# top of the line st croix



## xxxxxQTRODS (Nov 17, 2009)

this is a rod i built for myself and have just finished it. it is one of the highest quality blanks st croix makes. it is a 6' 10" with about a ten % brake. it makes for an excellent texas rig rod. it has the lighest seat by fuji and fuji titanium sic guides. i bought the rod and reel ftu in houston. the reel is a new skeleton quantum reel. terry jone pic this blank after i told him what i wanted. the guide are spiriled wrap micros and i put eight guides. this was my first scales job. the color was green metalic then gone back over with brown metalic to bring down brightness of the green.


----------



## EdH (Nov 16, 2009)

Nice build! I like it.


----------



## flatsmaster14 (Mar 25, 2011)

You will love that reel! Got one a few months ago


----------



## coup de grace (Aug 7, 2010)

Nice.


----------



## Wingding (Jan 18, 2012)

Love the checkerboard on the grips. Great job all around.


----------



## Goags (May 28, 2004)

Looks good, Bennie. How are you doing the checkers? I may have an easier way, if interested.


----------



## Skiff (Jun 5, 2004)

Nice work!


----------



## xxxxxQTRODS (Nov 17, 2009)

*graditude*

thanks guy for all the compliments makes me want to start another.


----------



## xxxxxQTRODS (Nov 17, 2009)

Goags said:


> Looks good, Bennie. How are you doing the checkers? I may have an easier way, if interested.

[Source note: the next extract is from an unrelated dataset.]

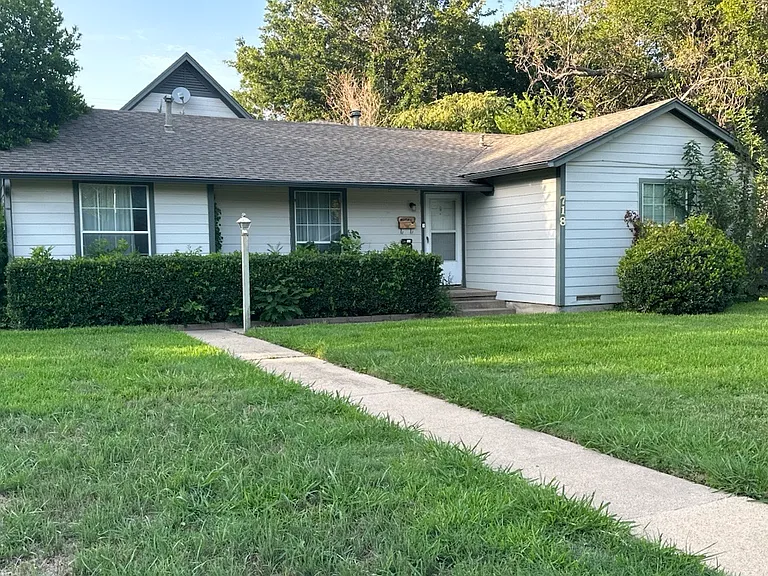 718 Crescent St — Photo 11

goag i would like to learn this new method,if it speeds up the process. iam using the process sold by mudehole, at this moment, bennie
thanks goag

email [email protected]


----------



## Goags (May 28, 2004)

Bennie, it's not a new method, and may not speed it up, but it will be more accurate.
I think we all use the same pie jig when working w/ cork rings. I use a different saw than Mudhole, and also use a thin shim after each slice. The main point was to glue up the 1/8" rings BEFORE doing the pie slices, that's all.


----------



## xxxxxQTRODS (Nov 17, 2009)

Goags said:


> Bennie, it's not a new method, and may not speed it up, but it will be more accurate.
> I think we all use the same pie jig when working w/ cork rings. I use a different saw than Mudhole, and also use a thin shim after each slice. The main point was to glue up the 1/8" rings BEFORE doing the pie slices, that's all.


i think i have a saw like that,but it would not go down in the jig because it is to tight. a friend told me that those mudehole saw blades are two sizes to small by his cosin who works in jewery. so i looked up jewery saw blades and the one u get from mudhole are smallest u can get. i was going to order larger one when i have broke all the ones i got from mudehole. if u let me know where u bought that saw i would consider instead.


----------



## Goags (May 28, 2004)

Bennie, here's the one that I know fits the blue anodized jigs...shop around for best price w/ shipping. I order 2 or 3 at a time, as they will dull out, especially if you bottom em out doing the pie slices. Someone mentioned using old xray film as the shims...haven't tried that yet.
http://www.amazon.com/Zona-Tool-Company-42TPI-Universal/dp/B000BRESQY


----------



## ComeFrom? (May 21, 2004)

Man, I really like that one. CF?


----------



## xxxxxQTRODS (Nov 17, 2009)

*also would like to add*

this rig fishes like a dream!!!!!!!!!!!!!!!!!!! if u stop and think about i got close to five hundred in it {dont tell moma**. it ought to fish like a dream.......bennie


----------



## Sisco Kid (Mar 19, 2008)

What is the total weight on this project?


----------



## xxxxxQTRODS (Nov 17, 2009)

*weight*

i have reel that weigh that much. it looks like the rod is touching. the scales read when u lift up off of them. i lifted the rod put the scales on hold and put the rod reel back down on it and took the pic.


----------



## Sisco Kid (Mar 19, 2008)

Thanks


----------



## Jean Scurtu (Dec 6, 2011)

:texasflagVery nice rod!!!


----------



## xxxxxQTRODS (Nov 17, 2009)

*loomis WHO*

the more i fish with this rod the more i fall in love with its preformance. i have never casted a rod with so much control at your hands. i can cast the rod with pinpoint acuracy and lay the line where it needs to be. this is very important when bass fishing, because u are throughing around the stickups or buckbrush all the time. it has little are no damper to it. i have fished with all types of fine rods, boron, glx, and imx. the rod has excellent feel when fishing with plastics and finese fishing.


----------